SUPPLIED MATERIAL ::
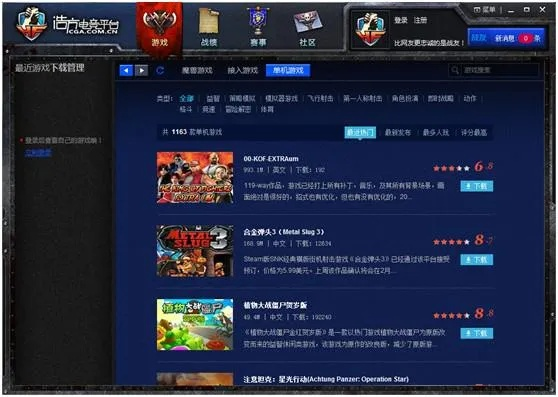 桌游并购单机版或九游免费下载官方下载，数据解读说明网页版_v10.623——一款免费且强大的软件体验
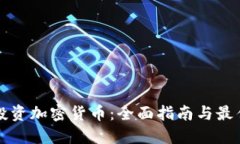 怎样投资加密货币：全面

==

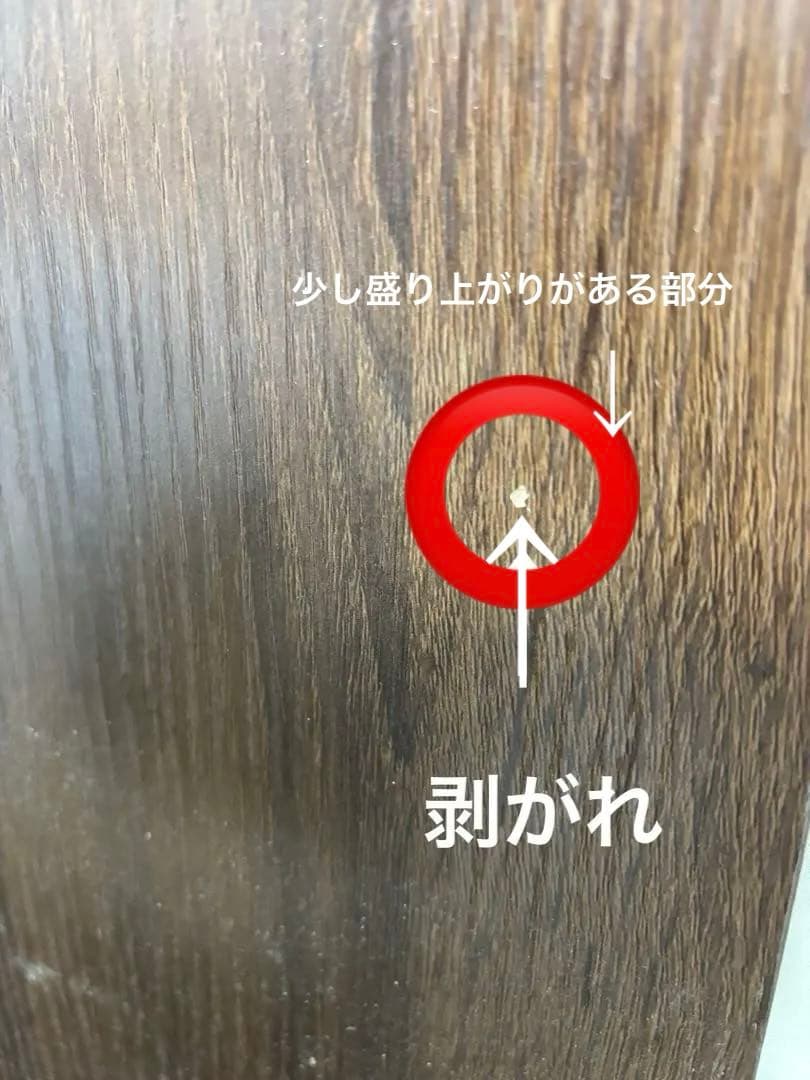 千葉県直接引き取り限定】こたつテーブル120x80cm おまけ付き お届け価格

EXERCISE DESCRIPTION :: In the records above, find the line with "桌游并购单机版或九游免费下载" and the line with "怎样投资加密货币：全面", then restate word for word only those two lines and all lines between, omitting pictures.

EXERCISE SOLUTION ::
 桌游并购单机版或九游免费下载官方下载，数据解读说明网页版_v10.623——一款免费且强大的软件体验
 怎样投资加密货币：全面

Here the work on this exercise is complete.